# Wild birds by the window



## Sabine.L (Jun 12, 2013)

I've had for several days now a couple of wild great titz (or it will be censored) hanging out by my window. I live in an apartment with no balcony and on the third floor. They come right to the window and peek inside. They apparently even told other birds about it because as they left and came back they had more of them with them. They stayed near my window for several hours. It feels like I'm living in a zoo.  I put my rescue tit by the window and they got even more excited. It's so sweet. 

Have any of you ever noticed wild birds coming by your house because they know there are birds inside?


----------



## FaeryBee (May 9, 2011)

*Yes, absolutely! Two of my lovebirds have their daily out of cage time in my bathroom which has a window. Frequently there are several little sparrows that come to hang out on the screen and peer in when the lovebirds are there. I'm believe they are attracted because of the lovebirds chatter and once there they like looking at all the pretty colored toys hanging in the room! 

Two of the budgies and my other lovebird have their out of cage time in my bedroom and a few times the sparrows have come to hang out on that window screen as well.*


----------



## TheBoysMom (Sep 6, 2014)

Fantastic!

I have had the same thing happen. I hate to waste anything especially food. So every time I empty the seed bowl I pour it into a zip lock bag and save it. Amazing how many seeds there are left behind especially if it's a mix and the budgies don't care for some of the seeds. 

Every free days I fill a plastic bowl with these uneaten seeds, any stale bread and whatever veggies the boys don't eat and place it on my balcony. Love to see them out there eating a treat and chirping. About a dozen sparrows, a few finches and two cardinals visit a few times a day. Also have a bluejay...grrr! he is mean.


----------



## FaeryBee (May 9, 2011)

*Good for you, Sande!

I also keep all the "seed debris" (seeds/pellets/etc.) and I put it out next to my outdoor bird feeders.

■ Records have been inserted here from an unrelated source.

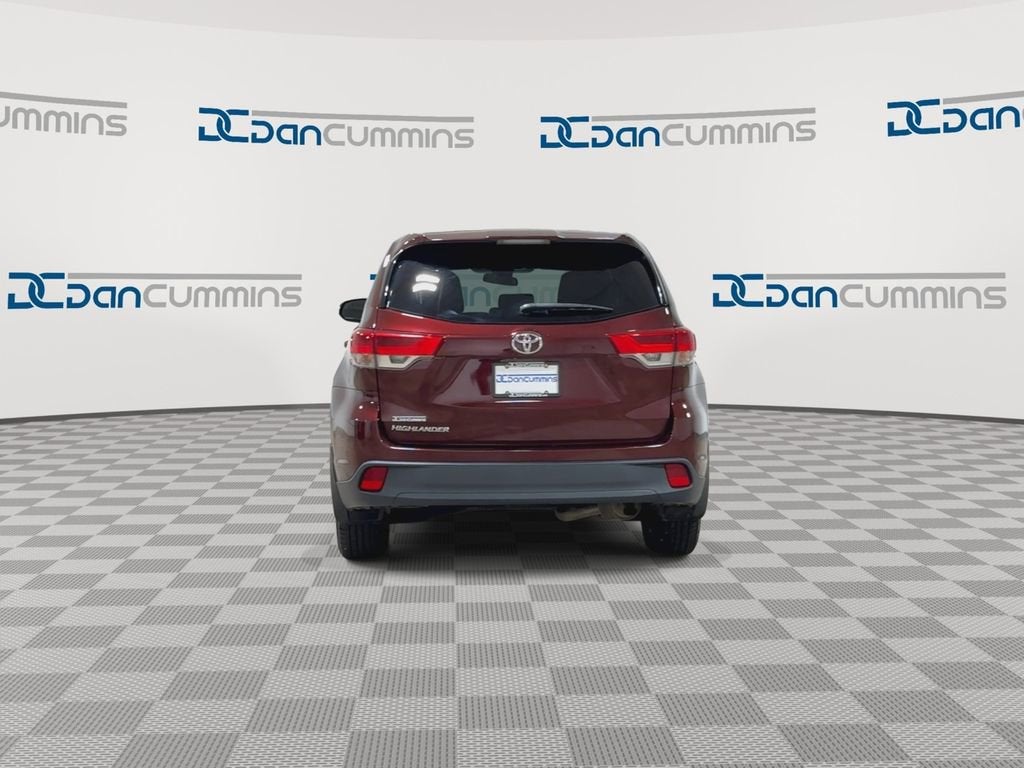 2019 Toyota Highlander LE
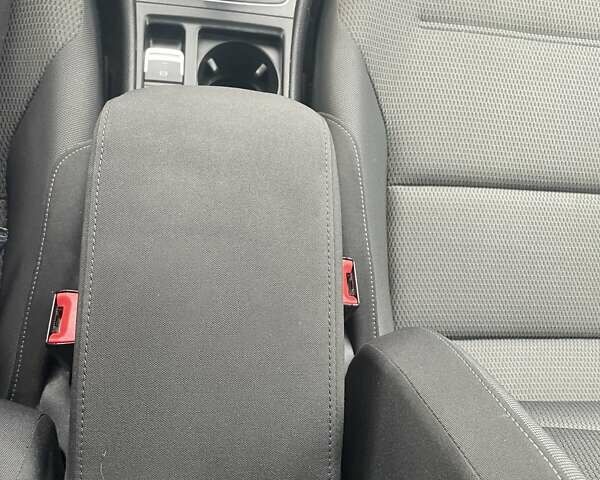 Серый Фольксваген e-Golf, объемом двигателя 0 л и пробегом 84 тыс. км за 15600 $, фото 44 на Automoto.ua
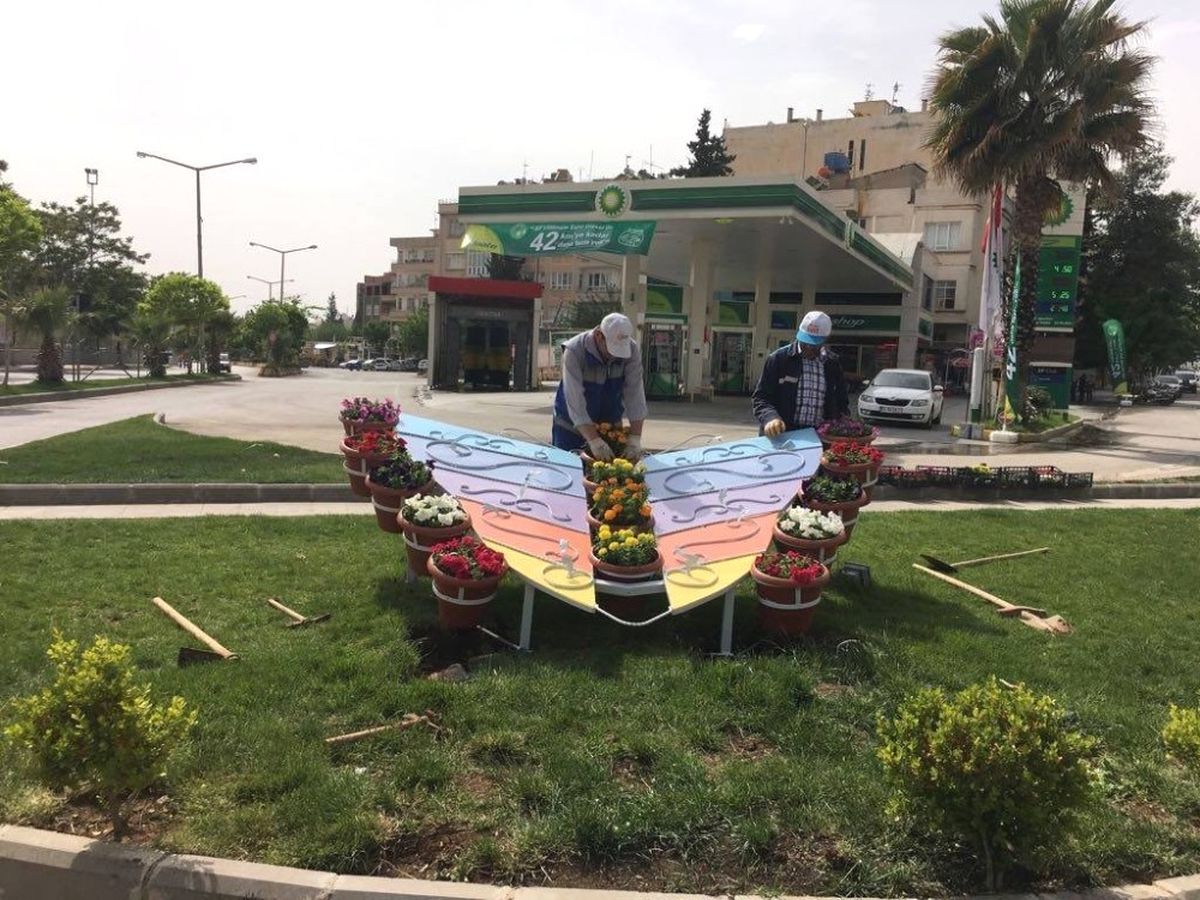 Kilis Belediyesi Park ve Bahçelerde Çalışmalarını Hızlandırdı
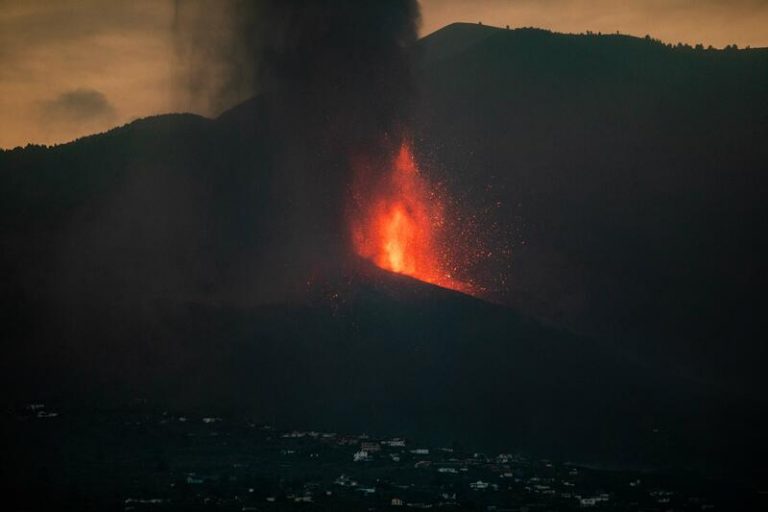 Cumbre Vieja sigue en fase estable y se descarta que la lava llegue al mar en los próximos 2 días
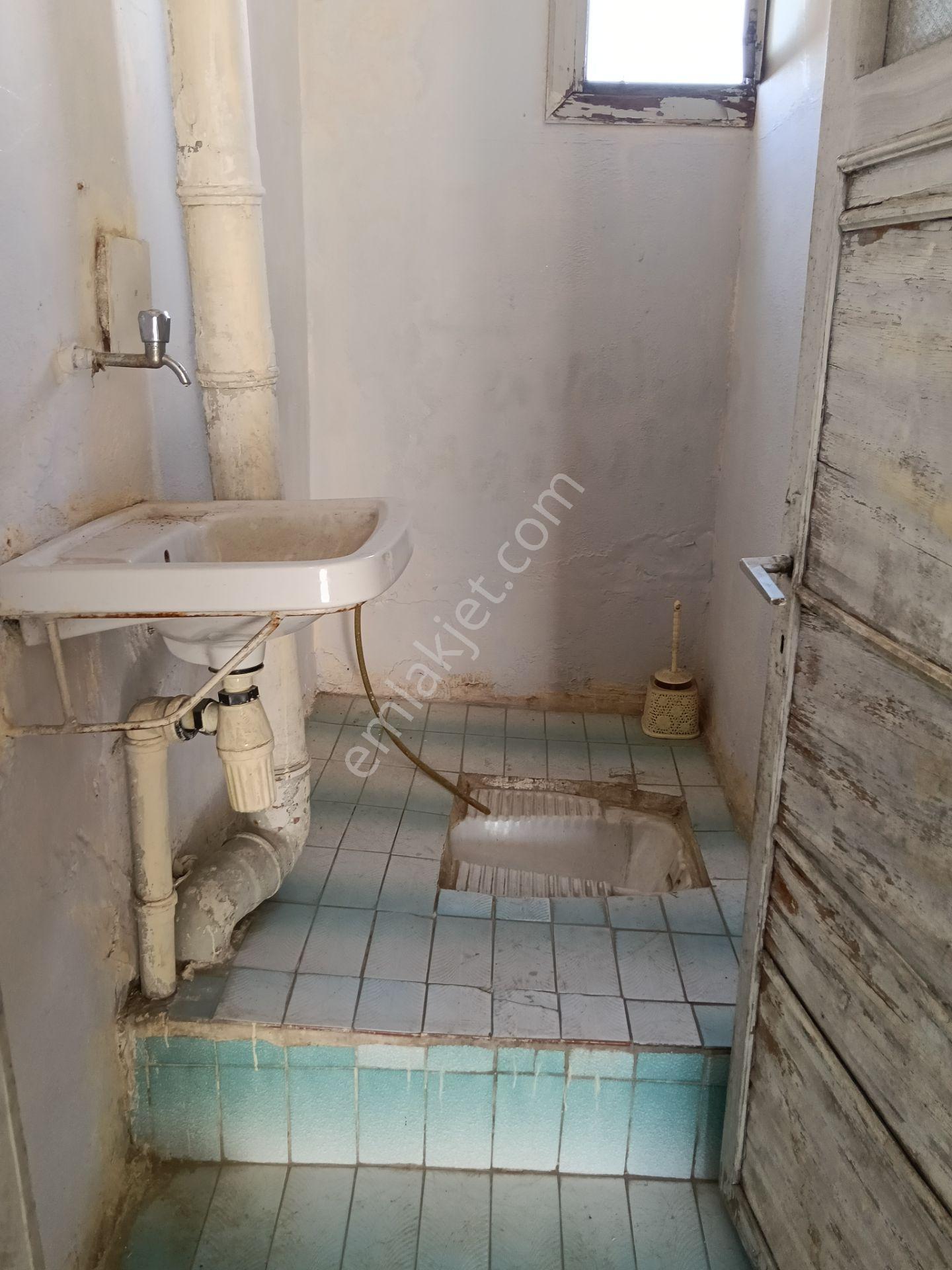 Tarsus Mithatpaşa Da Satılık Kat Mülkiyetli 3.kat 130 M2,2+1 Kelepir — fotoğraf 7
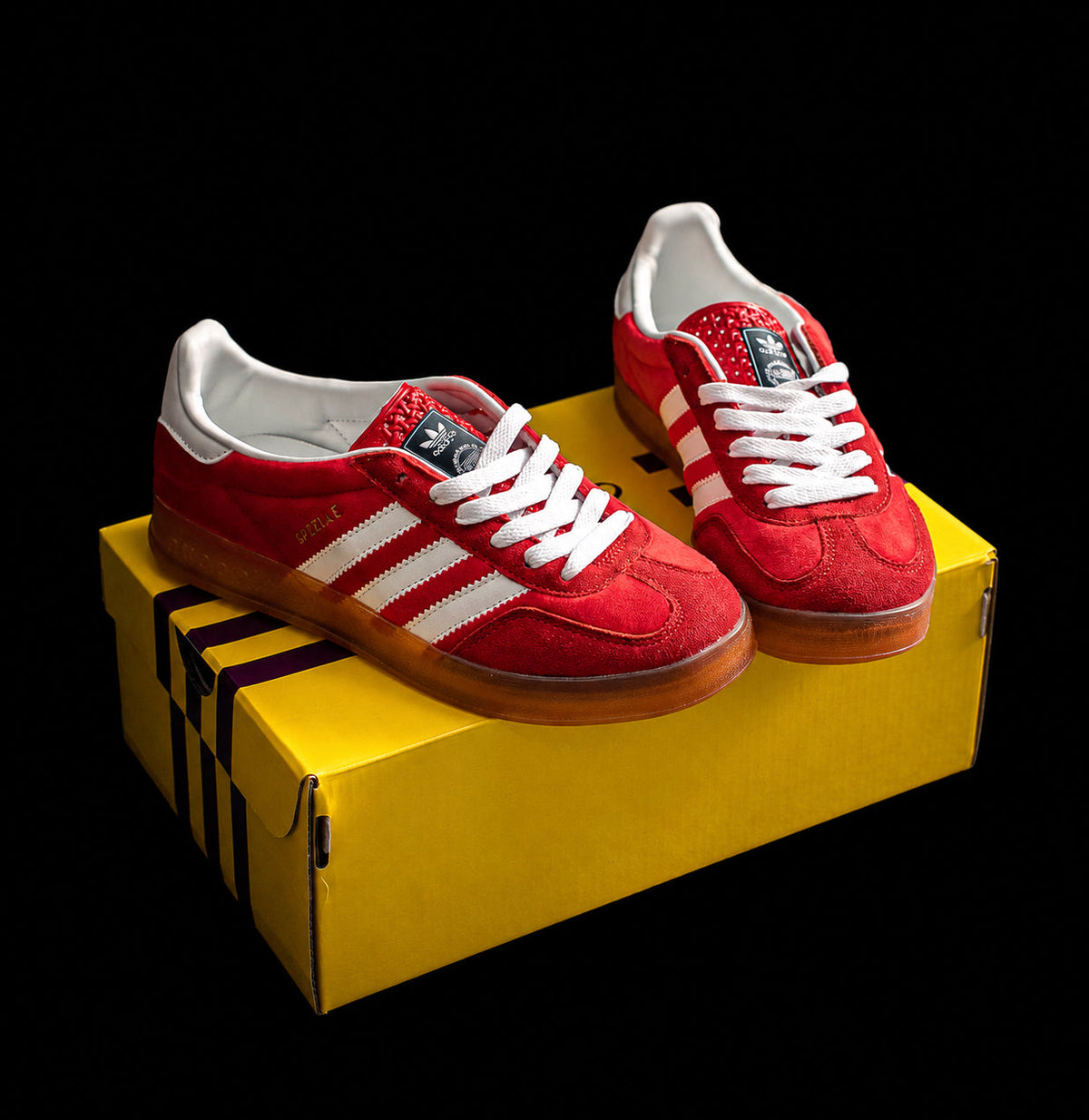 Samba Roja con Detalles Blancos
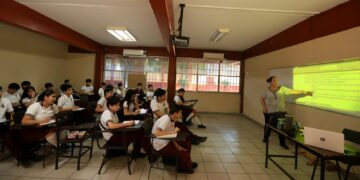 Registran escuelas de Culiacán hasta un 80 % de actividad presencial:Gobernador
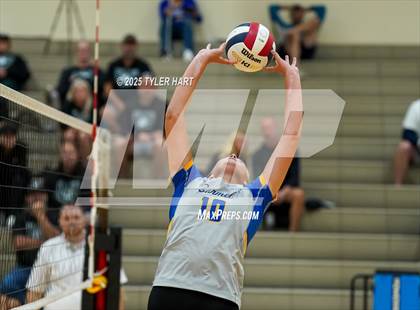 Thumbnail 2 in Floyd Central vs. Carmel (Avon Classic) photogallery.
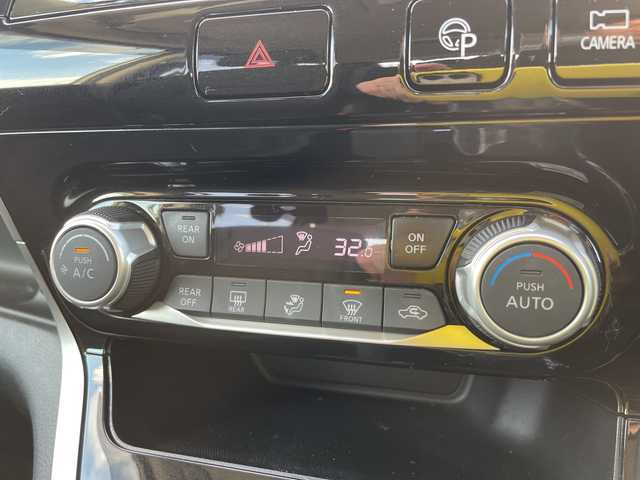 日産 セレナ ライダー 石川県 2017(平29)年 7.3万km パール 純正９型ナビ　フルセグＴＶ　アラウンドビューモニター　ＬＥＤヘッドライト　ＥＴＣ　両側パワースライド　エマージェンシーブレーキ　純正アルミホイール　インテリキー　プッシュスタート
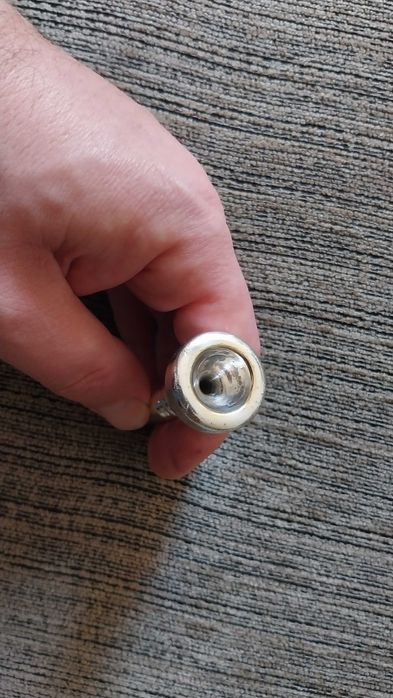 Bocal trompete Courtois 2D (portes desde3.51€)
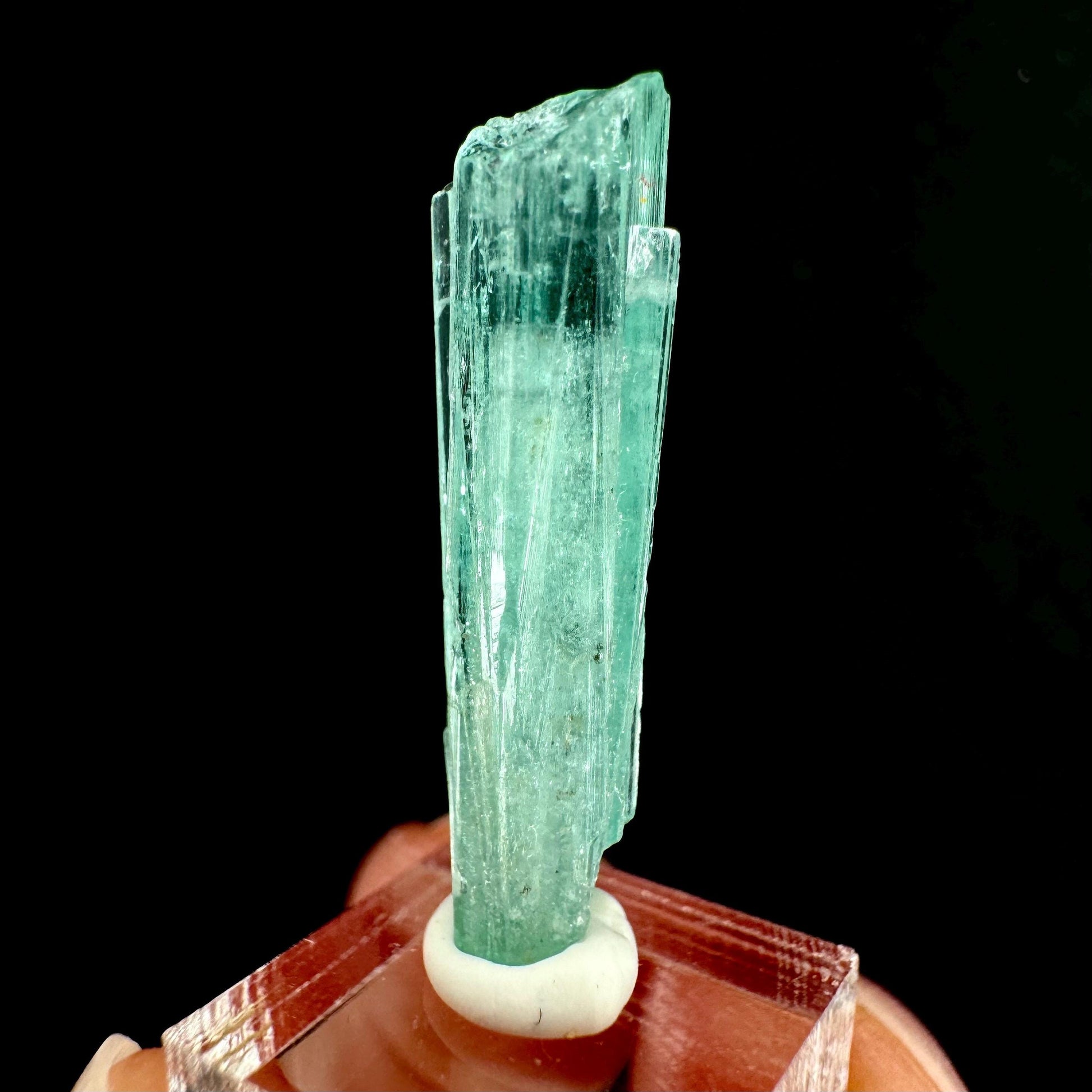 Beryl var. Emerald (Nigeria) | natural emerald, emerald crystal, mineral specimen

The birds (and chipmunks) enjoy having it in additional to their normal wild bird seed that I keep for them. *


----------



## LynandIndigo (Jan 21, 2012)

I no it's wonderful having wild birds at our home. I have them here to they are really noisy when they whistle but it is so nice to have them around. The parrots are so adorable. Maybe you can take a photo of them. Love to see them.


----------